I've read about about higher-order logics (i.e. those that build on first-order predicate logic) but am not too clear on their applications. While they are capable of expressing a greater range of proofs (though never all, by Godel's Incompleteness theorem), they are often said to be less "well-behaved".
Mathematicians generally seem to stay clear of such logics when possible, yet they are certainly necessary for prooving some more complicated concepts/theorems, as I understand. (For example, it seems the reals can only be constructed using at least $2^{\text{nd}}$ order logic.) Why is this, what makes them less well-behaved or less useful with respect to logic/proof theory/other fields?
Unfortunately the term is ambiguous: there two kinds of semantics of higher-order languages, and only one is problematic. Consider the language of second-order arithmetic, where there are quantifiers over both natural numbers and sets of natural numbers.

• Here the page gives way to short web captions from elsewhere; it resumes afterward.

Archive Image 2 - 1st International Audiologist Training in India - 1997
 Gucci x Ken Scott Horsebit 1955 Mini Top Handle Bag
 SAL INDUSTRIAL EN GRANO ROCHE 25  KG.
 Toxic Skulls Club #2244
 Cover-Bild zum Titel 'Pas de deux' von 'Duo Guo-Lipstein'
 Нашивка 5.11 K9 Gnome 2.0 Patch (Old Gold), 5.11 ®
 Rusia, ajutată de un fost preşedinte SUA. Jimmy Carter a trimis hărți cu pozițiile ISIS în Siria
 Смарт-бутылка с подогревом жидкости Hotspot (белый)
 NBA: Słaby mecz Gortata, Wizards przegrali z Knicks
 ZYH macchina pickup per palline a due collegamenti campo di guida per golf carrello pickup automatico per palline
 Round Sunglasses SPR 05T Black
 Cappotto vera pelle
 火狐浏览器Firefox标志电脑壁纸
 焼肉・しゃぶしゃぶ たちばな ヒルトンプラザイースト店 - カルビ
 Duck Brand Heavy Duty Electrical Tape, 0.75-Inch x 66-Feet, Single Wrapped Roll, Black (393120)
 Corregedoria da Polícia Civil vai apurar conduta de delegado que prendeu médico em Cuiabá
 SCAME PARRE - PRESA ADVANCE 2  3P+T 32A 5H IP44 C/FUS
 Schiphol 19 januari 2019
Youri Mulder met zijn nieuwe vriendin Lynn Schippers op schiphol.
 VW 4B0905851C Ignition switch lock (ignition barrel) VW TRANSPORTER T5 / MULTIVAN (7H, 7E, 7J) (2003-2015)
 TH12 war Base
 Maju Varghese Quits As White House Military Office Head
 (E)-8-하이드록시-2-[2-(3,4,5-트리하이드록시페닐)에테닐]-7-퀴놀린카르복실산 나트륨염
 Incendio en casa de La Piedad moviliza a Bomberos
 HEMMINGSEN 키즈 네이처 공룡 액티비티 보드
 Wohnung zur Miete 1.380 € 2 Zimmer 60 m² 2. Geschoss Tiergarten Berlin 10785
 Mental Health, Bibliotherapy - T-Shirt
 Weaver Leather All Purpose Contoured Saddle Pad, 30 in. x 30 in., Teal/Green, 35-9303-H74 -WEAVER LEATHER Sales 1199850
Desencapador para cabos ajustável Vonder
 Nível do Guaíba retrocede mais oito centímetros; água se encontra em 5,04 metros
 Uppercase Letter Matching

First is what Quine called "set-theory in sheep's clothing": this is where quantification over sets of natural numbers is defined to be over all the sets of number that can be posited. It's the theory we use when we prove that there can be only one complete, totally ordered field. It isn't really a logic, there's no complete notion of proof formalisation for it. Wikipedia calls this "standard semantics"; I'm not sure if there is an authority for this.
Then there's Henkin semantics, which uses the rule analogous to the lambda-calculus to define a semantics for second-order quantifiers. This can be seen as still in the realm of first-order logic, in that sense that the second-order system can be translated into a first-order system conserving provability. This is how second-order arithmetic is defined.
All the theorems of the Henkin semantics will be "theorems" in the first.